Het EESC roept de politieke autoriteiten op om nauw samen te werken met de maatschappelijke organisaties bij de invoering van hervormingen en de uitvoering van wetgeving over cruciale kwesties zoals de aanpak van gevallen van corruptie op hoog niveau, betere toezicht op procedures voor overheidsopdrachten en verbetering van het wettelijke kader voor de financiering van politieke partijen. Voorts verzoekt het de landen in de regio om de regels inzake de vrije toegang tot informatie en de praktische toepassing daarvan te verbeteren, wetgeving inzake klokkenluiden goed te keuren en toe te passen en de regeling voor de bescherming van klokkenluiders in de praktijk doeltreffender te maken. De burgers moeten beter op de hoogte worden gebracht van de mogelijkheden om corruptie te melden; maatschappelijke organisaties kunnen daarbij een betrouwbare partner zijn. Voorts is het wenselijk de tripartiete sociale dialoog in overleg met de betrokken partijen te reguleren teneinde gevolg te geven aan de overeenkomsten die werden gesloten.

1.14.

De politieke autoriteiten in de landen van de regio moeten ijveren voor de oprichting van daadkrachtige en onafhankelijke regelgevende instanties, met name ombudsdiensten, naar het voorbeeld van Albanië en Servië; dit geldt ook voor de vrije toegang tot informatie en bescherming van de privacy, de bestrijding van corruptie, toezicht en verkiezingen. Het EESC beklemtoont dat ombudsmannen een doorslaggevende bijdrage kunnen leveren aan de inspanningen van de maatschappelijke organisaties die zich bezighouden met de grondrechten, vooral waar het gaat om de bescherming van minderheden.

1.15.

Gezien de zeer hoge jeugdwerkloosheid in de Westelijke Balkanlanden pleit het EESC ervoor de EU-jongerengarantie uit te breiden tot de toetredingslanden uit dit gebied. Een dergelijke „jongerengarantie” zou worden gefinancierd uit de relevante EU-fondsen. Duaal onderwijs zou moeten worden ingevoerd in samenwerking met de sociale partners, inclusief de kamers van koophandel en industrie en andere bedrijfsverenigingen.

1.16.

De EU streeft ernaar de overheid nauwer te betrekken bij de verdeling van de EU-middelen, maar het kan niet de bedoeling zijn dat de financiering voor de maatschappelijke organisaties voornamelijk via de overheid loopt; het is immers niet ondenkbaar dat op die manier belangenconflicten ontstaan. De EU zou moeten ijveren voor financieringsregelingen op een meer onafhankelijke basis. Onafhankelijke stichtingen/fondsen voor ondersteuning van het maatschappelijk middenveld zouden wel eens geschikter kunnen zijn als mechanisme voor de verdeling van de EU-middelen. Hoe dan ook moet nauwgezet aan de volgende vereisten worden voldaan: transparantie bij de toewijzing en het gebruik van de middelen; gelijke behandeling, en vermijden van belangconflicten en/of politieke inmenging in de toewijzing van publieke middelen.

1.17.

Het EESC dringt er in lijn met zijn ervaring op aan dat zowel de Commissie als de nationale overheden vasthouden aan de volgende financieringsprioriteiten: capaciteitsopbouw van maatschappelijke organisaties op nationaal niveau (kenniscentra, steun aan coalities, programma’s voor de ontwikkeling van expertise, enz.), vergroting van de reikwijdte van de steun (met name gebieden buiten de grootsteden en basisorganisaties moeten worden bereikt) en bevordering van de participatie van maatschappelijke organisaties.

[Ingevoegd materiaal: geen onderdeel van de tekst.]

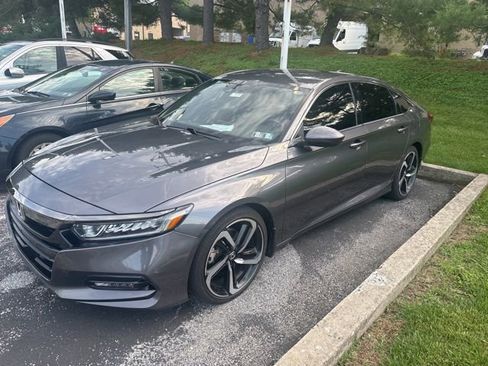 Used 2019 Honda Accord Sport image 2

2.   De uitbreidingsagenda en de betrokkenheid van het maatschappelijk middenveld: algemene beoordeling

2.1.

Het EU-uitbreidingsbeleid is van cruciaal belang voor de vrede, veiligheid en stabiliteit in Europa. In de uitbreidingsagenda voor 2015 wordt voor het eerst een middellangetermijnperspectief voor het beleid afgebakend. Hoewel in niet mis te verstane bewoordingen wordt aangegeven dat geen van de uitbreidingslanden nog tijdens de huidige mandaatsperiode van de Commissie klaar zal zijn voor toetreding tot de EU, is het van vitaal belang dat de Balkanlanden nog wel duidelijk het lidmaatschap in het vooruitzicht wordt gesteld, en dat hun vooruitgang en inspanningen worden gemeten, gecontroleerd en in goede banen geleid; daarbij moeten heldere criteria worden gehanteerd en moet voor ogen worden gehouden waar de landen in kwestie willen en moeten uitkomen.

2.2.

Positief is dat in het kader van de politieke criteria in de landenrapporten nu een apart hoofdstuk wordt gewijd aan het maatschappelijk middenveld, en dat de rol van het maatschappelijk middenveld tot op zekere hoogte verder wordt geïntegreerd in de onderhandelingshoofdstukken. Wanneer de Commissie de voortgang beoordeelt en nagaat of er sprake is van een gunstig klimaat voor het maatschappelijk middenveld, zou zij ook moeten bekijken of haar richtsnoeren voor EU-steun aan het maatschappelijk middenveld in de uitbreidingslanden worden nageleefd. Ook de toetredingslanden zelf moeten deze richtsnoeren als leidraad en baken gaan zien.

2.3.

Het EESC herhaalt dat sociale dialoog de sleutel is tot de economische ontwikkeling van de Westelijke Balkanlanden en de EU. In de landenbeoordelingen en -rapporten zou systematischer en meer in detail rekening moeten worden gehouden met de specifieke problemen waar de sociale partners mee te maken krijgen. Bijzondere aandacht moet worden besteed aan de bescherming van de werkgelegenheid en de socialezekerheidsrechten.

2.4.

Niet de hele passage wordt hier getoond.